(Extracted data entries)
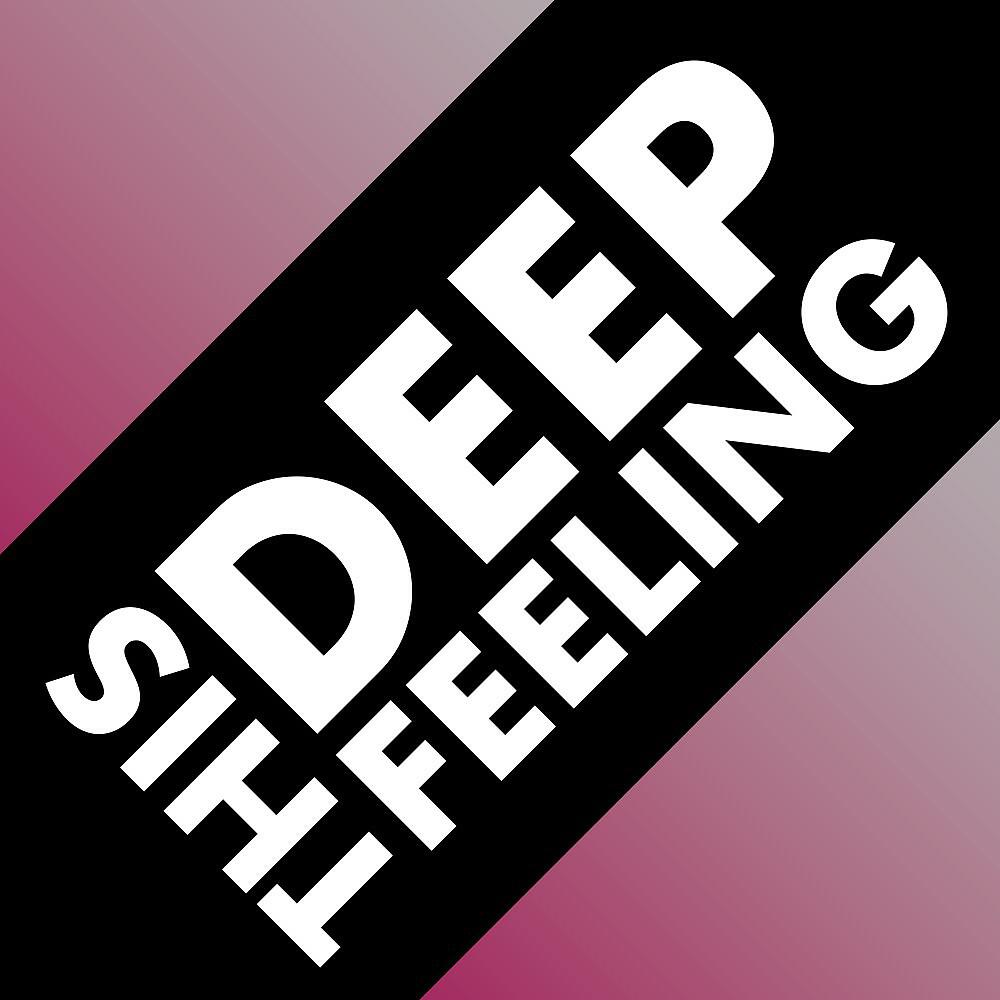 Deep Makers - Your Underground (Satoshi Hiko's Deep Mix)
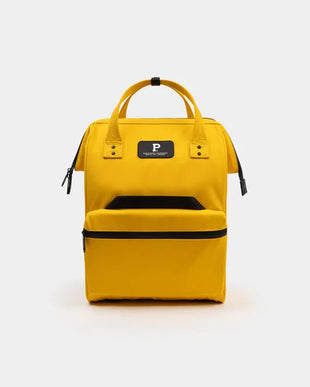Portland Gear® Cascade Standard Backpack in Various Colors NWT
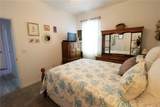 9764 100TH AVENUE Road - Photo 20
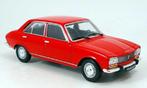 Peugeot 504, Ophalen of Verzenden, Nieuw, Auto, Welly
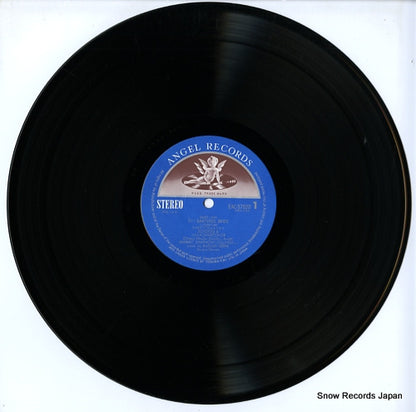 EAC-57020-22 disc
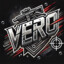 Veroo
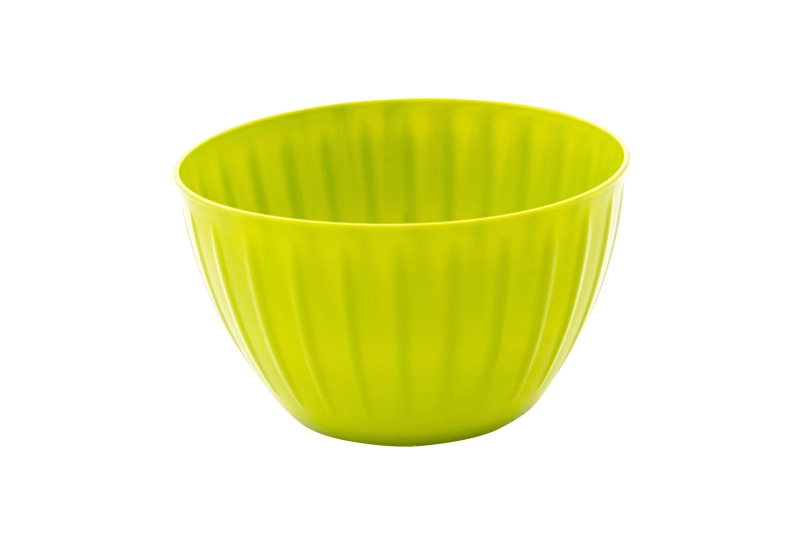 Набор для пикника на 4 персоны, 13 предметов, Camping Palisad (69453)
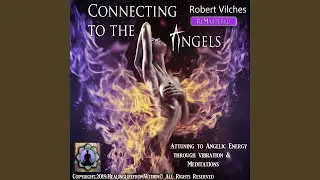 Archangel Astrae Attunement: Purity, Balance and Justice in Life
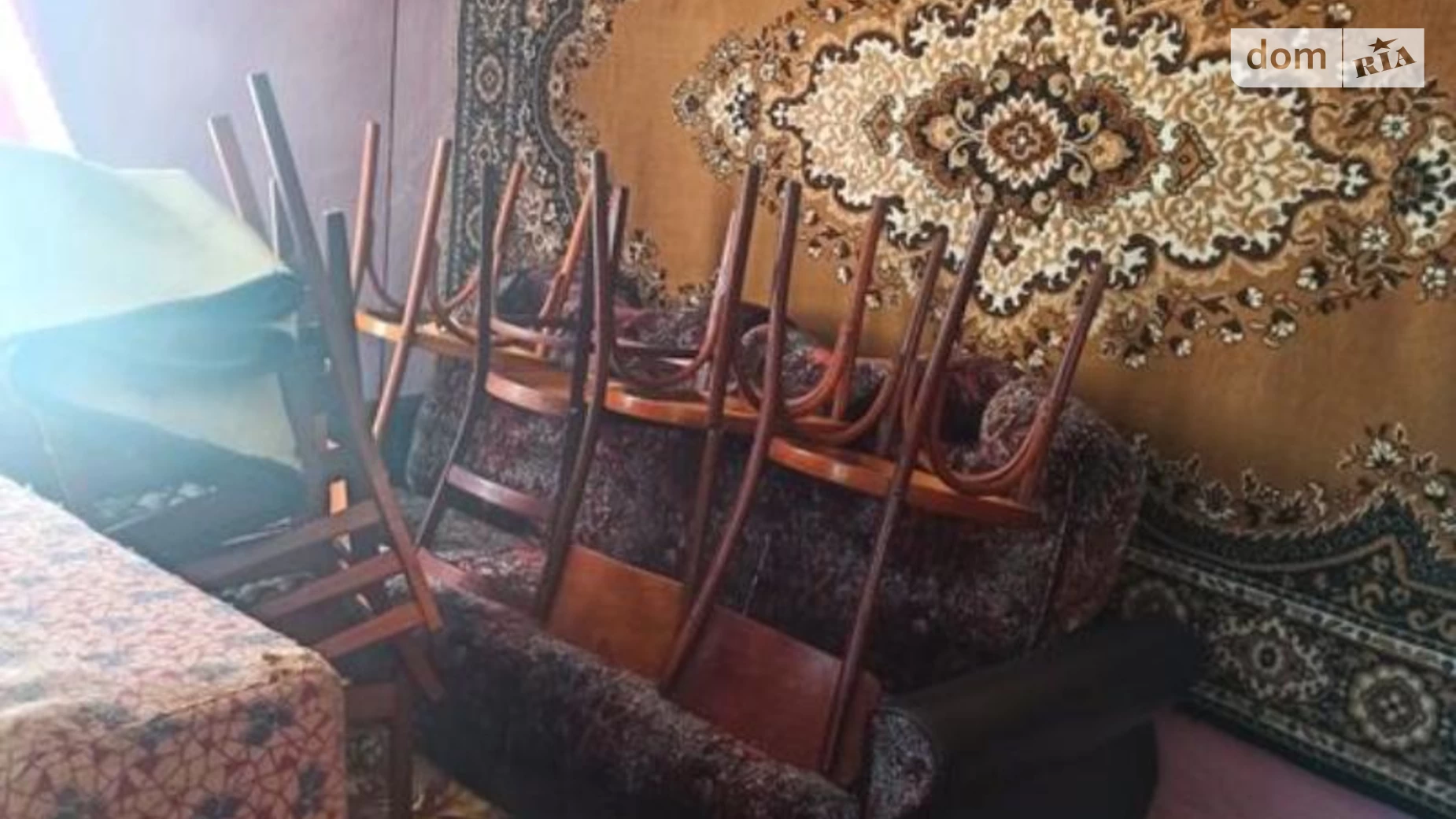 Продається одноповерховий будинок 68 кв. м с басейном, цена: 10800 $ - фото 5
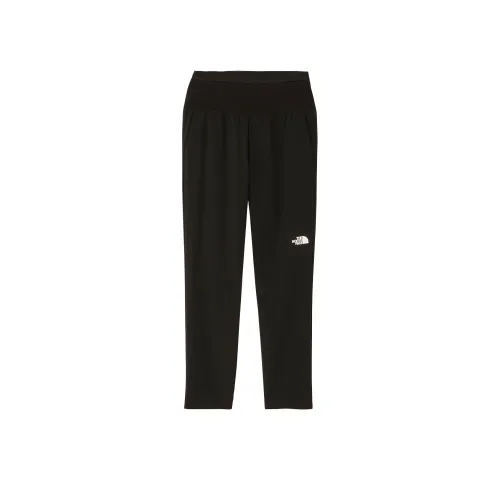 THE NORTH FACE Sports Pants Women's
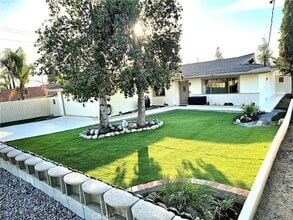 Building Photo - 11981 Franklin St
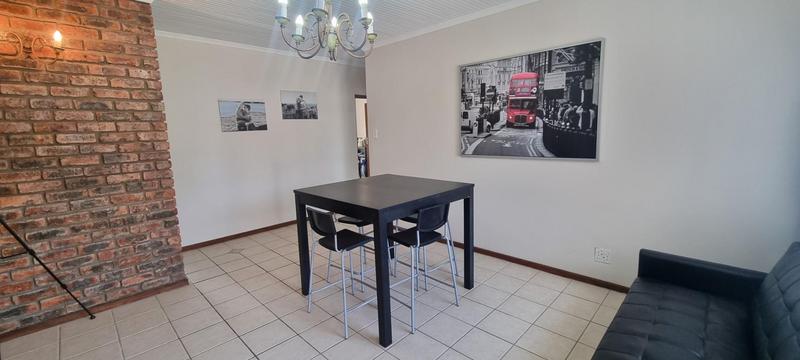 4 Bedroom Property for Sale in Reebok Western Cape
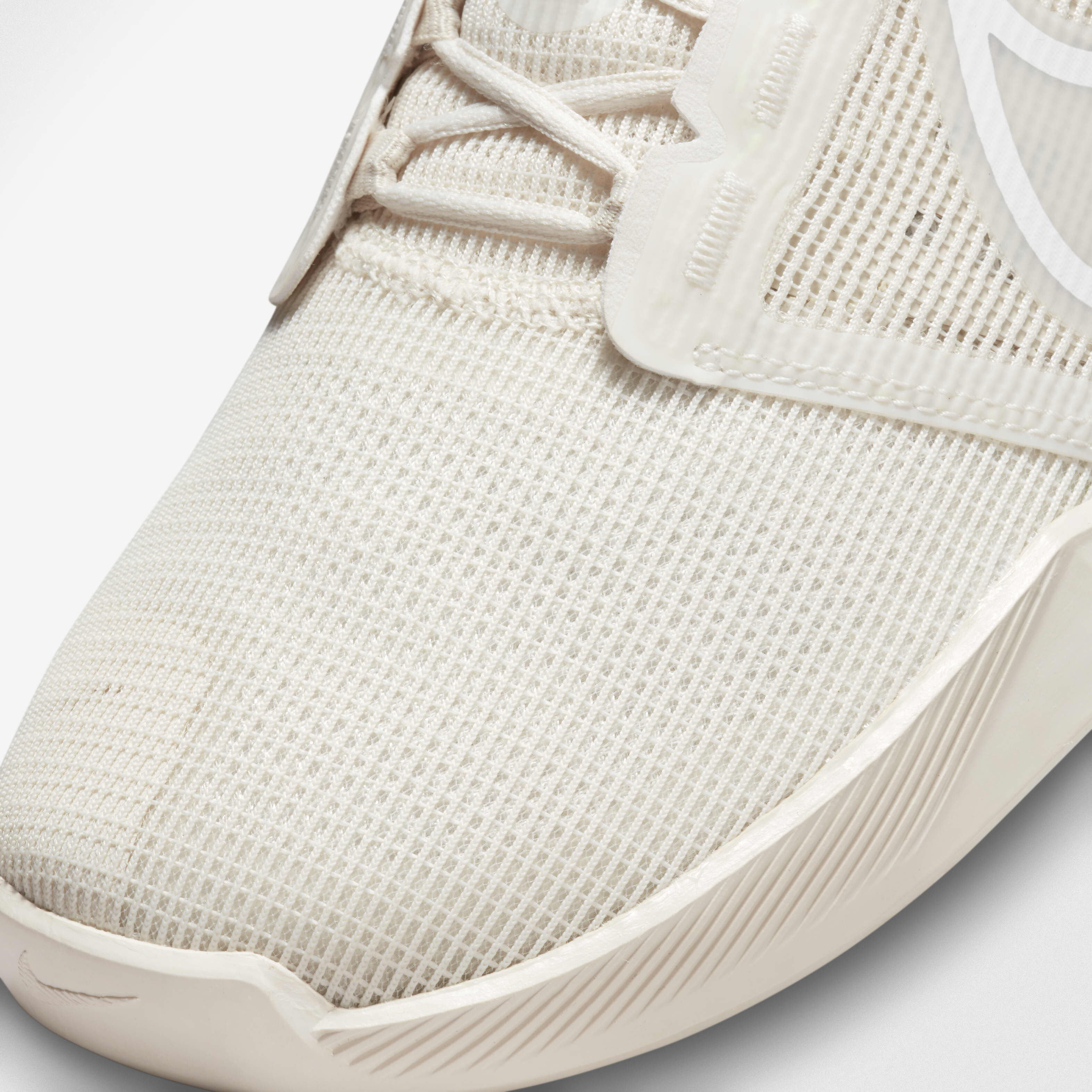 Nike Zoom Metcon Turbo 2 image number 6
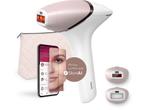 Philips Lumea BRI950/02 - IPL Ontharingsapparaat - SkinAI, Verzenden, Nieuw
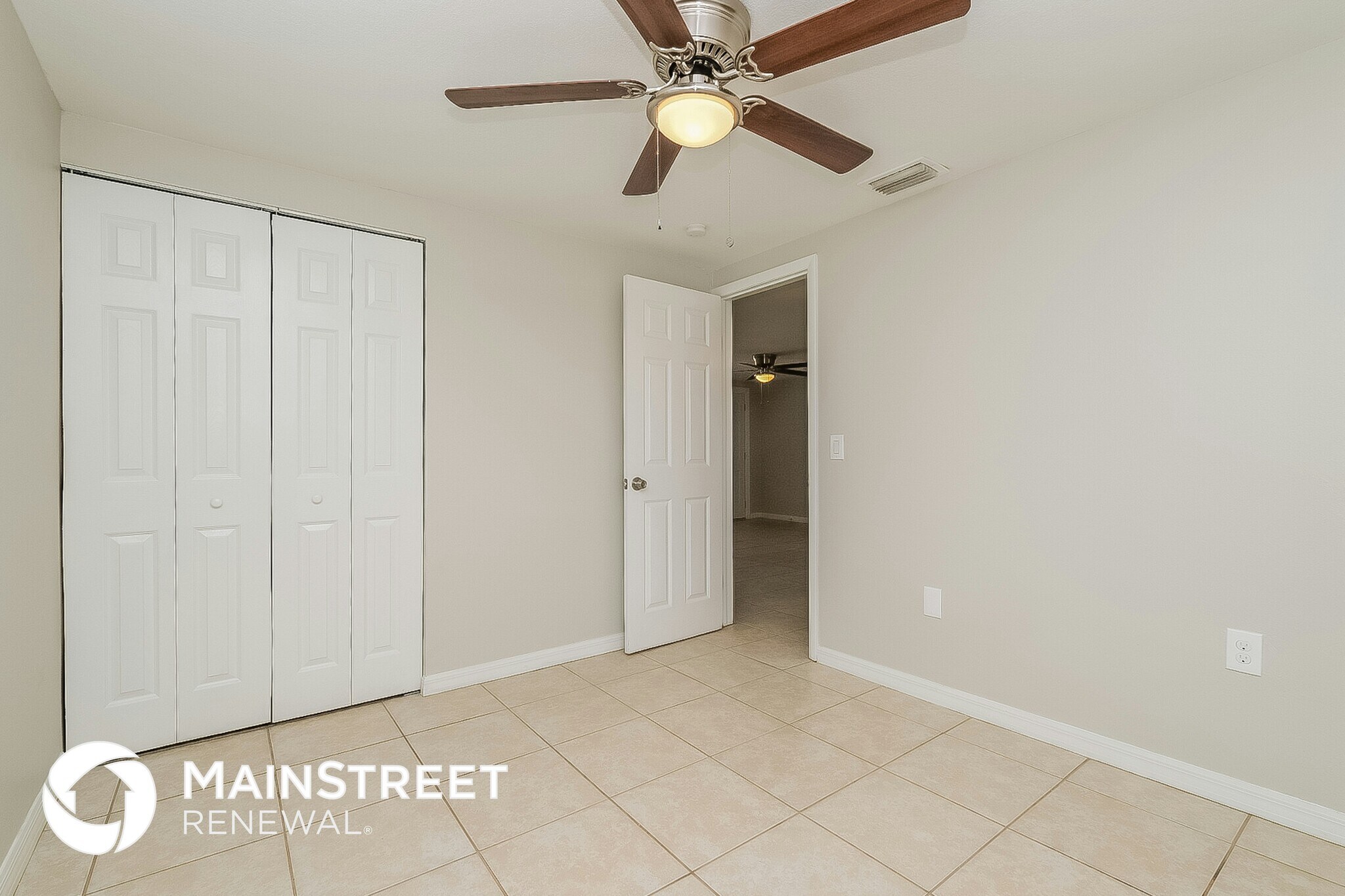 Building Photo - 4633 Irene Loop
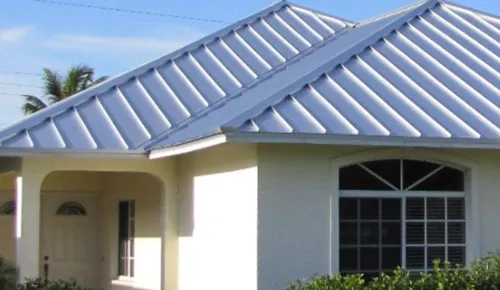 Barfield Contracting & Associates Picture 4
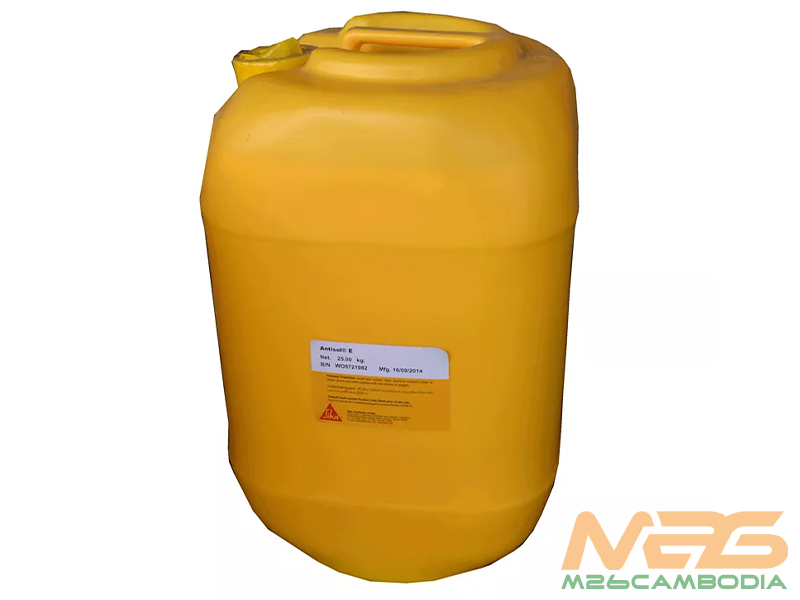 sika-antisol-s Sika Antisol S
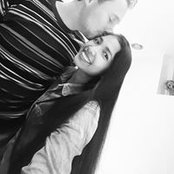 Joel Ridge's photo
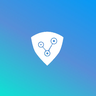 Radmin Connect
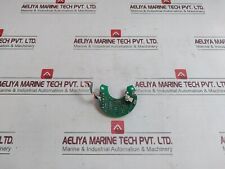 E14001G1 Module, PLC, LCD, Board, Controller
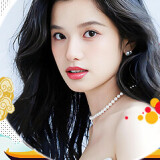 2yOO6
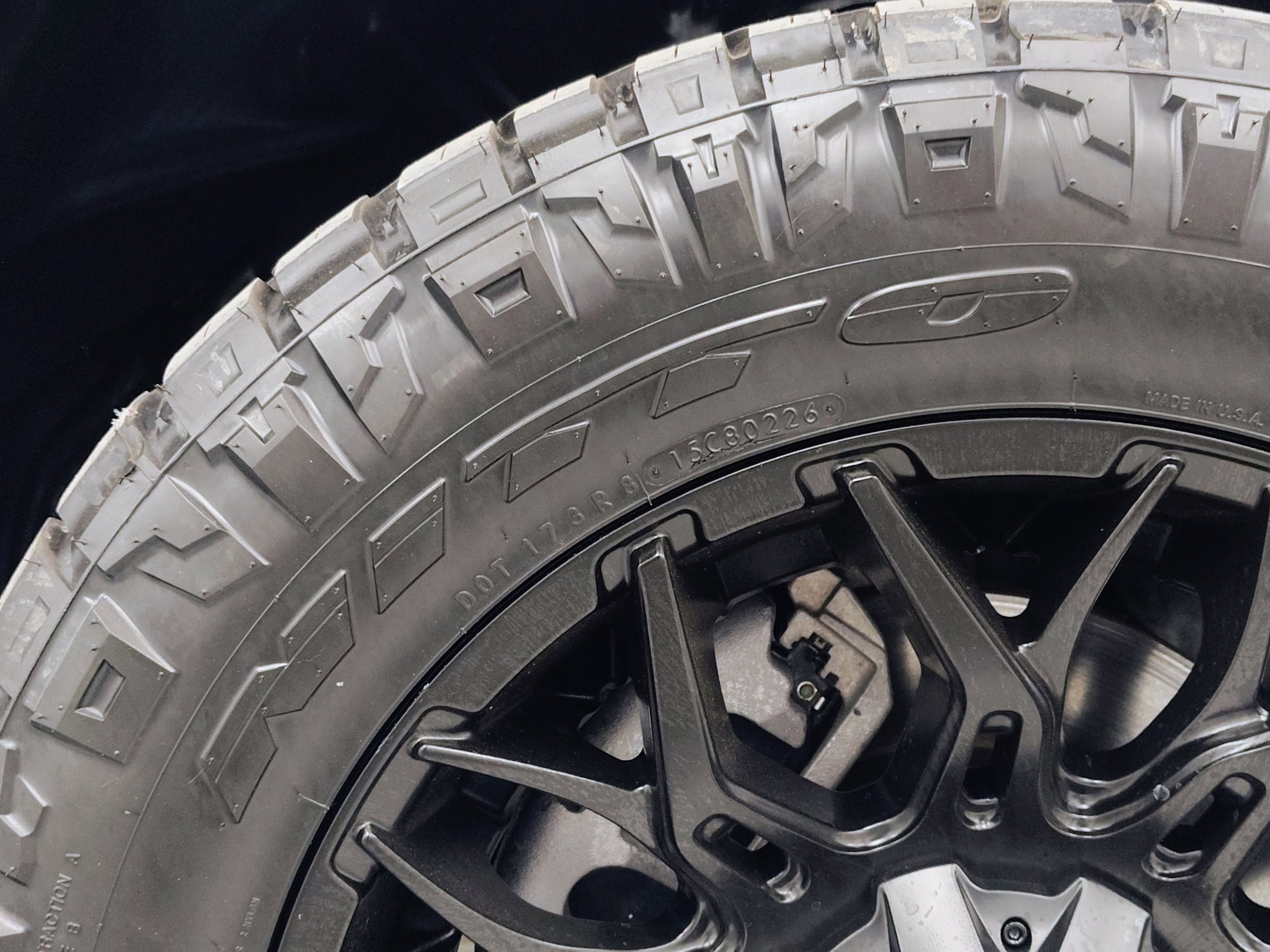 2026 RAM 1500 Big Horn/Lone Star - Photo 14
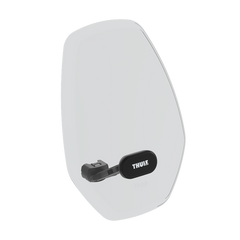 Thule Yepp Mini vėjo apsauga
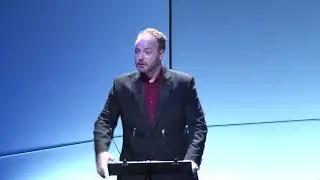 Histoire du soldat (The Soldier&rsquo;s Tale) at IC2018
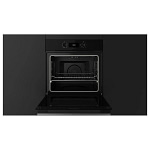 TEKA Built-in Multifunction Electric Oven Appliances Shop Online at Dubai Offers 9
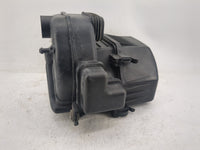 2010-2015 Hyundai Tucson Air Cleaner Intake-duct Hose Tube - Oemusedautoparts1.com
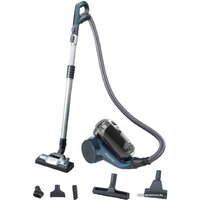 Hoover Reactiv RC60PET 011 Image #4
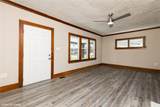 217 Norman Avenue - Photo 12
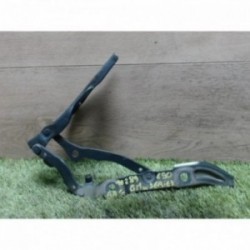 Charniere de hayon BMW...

◆ **INSTRUCTIONS FOR THE TASK**
Copy the records exactly as they appear, excluding images.

◆ **FINISHED EXERCISE**
 Deep Makers - Your Underground (Satoshi Hiko's Deep Mix)
Portland Gear® Cascade Standard Backpack in Various Colors NWT
 9764 100TH AVENUE Road - Photo 20
 Peugeot 504, Ophalen of Verzenden, Nieuw, Auto, Welly
 EAC-57020-22 disc
 Veroo
 Набор для пикника на 4 персоны, 13 предметов, Camping Palisad (69453)
 Archangel Astrae Attunement: Purity, Balance and Justice in Life
 Продається одноповерховий будинок 68 кв. м с басейном, цена: 10800 $ - фото 5
 THE NORTH FACE Sports Pants Women's
 Building Photo - 11981 Franklin St
 4 Bedroom Property for Sale in Reebok Western Cape
 Nike Zoom Metcon Turbo 2 image number 6
 Philips Lumea BRI950/02 - IPL Ontharingsapparaat - SkinAI, Verzenden, Nieuw
 Building Photo - 4633 Irene Loop
 Barfield Contracting & Associates Picture 4
 sika-antisol-s Sika Antisol S
 Joel Ridge's photo
 Radmin Connect
 E14001G1 Module, PLC, LCD, Board, Controller
 2yOO6
 2026 RAM 1500 Big Horn/Lone Star - Photo 14
 Thule Yepp Mini vėjo apsauga
 Histoire du soldat (The Soldier&rsquo;s Tale) at IC2018
 TEKA Built-in Multifunction Electric Oven Appliances Shop Online at Dubai Offers 9
 2010-2015 Hyundai Tucson Air Cleaner Intake-duct Hose Tube - Oemusedautoparts1.com
 Hoover Reactiv RC60PET 011 Image #4
 217 Norman Avenue - Photo 12
 Charniere de hayon BMW...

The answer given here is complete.